Video entertainment in the age of Netflix et al is full of drama, and today a Senate committee is scheduled to take up the 20-year-old Cable Act. The law, among other things, includes rules related to “retransmission,” or the payment system that gives cable and satellite providers rights to carry TV networks’ programming. The discussion — reportedly the second online-video-related hearing by the Commerce, Science and Transportation Committee in the past few months — takes place amid plenty of examples of retransmission battles.

“Playing games of chicken during college bowl games, the World Series or the Oscars just seems like it’s the new norm,” Sen.
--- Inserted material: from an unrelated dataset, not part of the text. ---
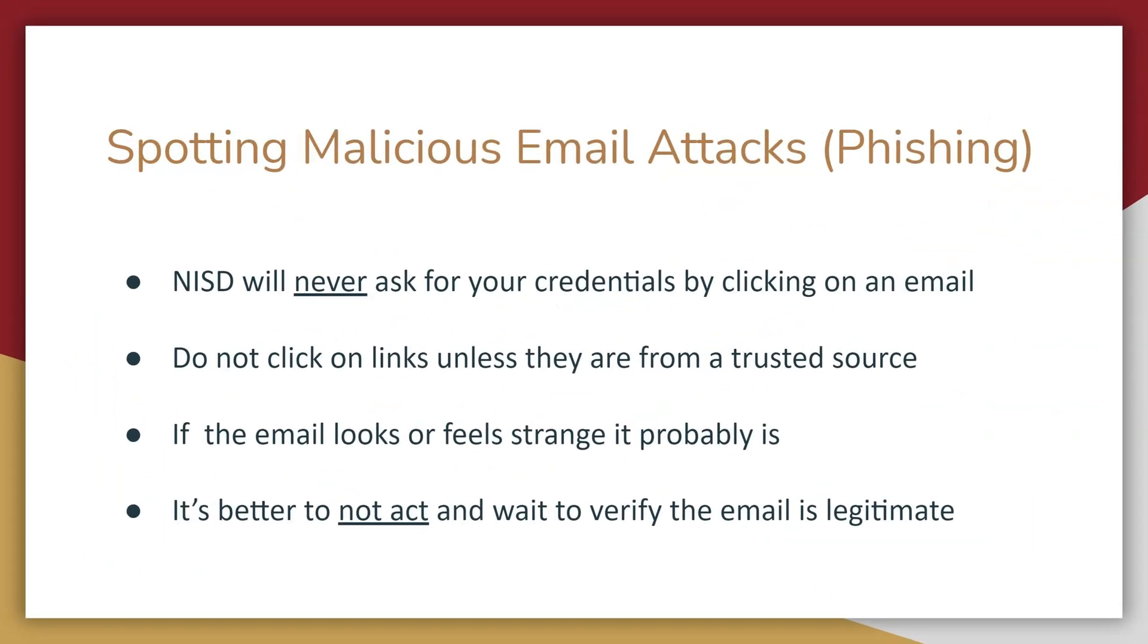At times, malicious attacks or phishing emails come through that try to get information from employees by getting them to click on harmful links or attachments.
John Kerry, D-Mass., said, according to Politico.

For example, a nine-day blackout of Viacom channels on DirecTV ended Friday after the two sides reached a new contract agreement. One of the sticking points, reports the New York Times, was the online distribution of Viacom shows. DirecTV offers its subscribers online access to some channels’ content through a sign-in system. Free online access to Viacom shows — which include “The Daily Show with Jon Stewart” and “Jersey Shore” — is likely to become more restricted under the new contract, the NYT says. In another example, fans of many New York sports teams who also were Time Warner subscribers were unable to watch them on TV for seven weeks earlier this year because of a dispute between that cable company and MSG.

The fights — and blackouts — are likely to continue, with the Wall Street Journal pointing out that Fox and CBS are set to renegotiate their contracts soon.

But the show must go on without government regulation, Sen. Jim DeMint, R-S.C., told Politico: “We should remove unnecessary government interference from a mature and increasingly competitive video marketplace.”

C-SPAN will carry the hearing, which starts at 2:30 p.m. EST, today.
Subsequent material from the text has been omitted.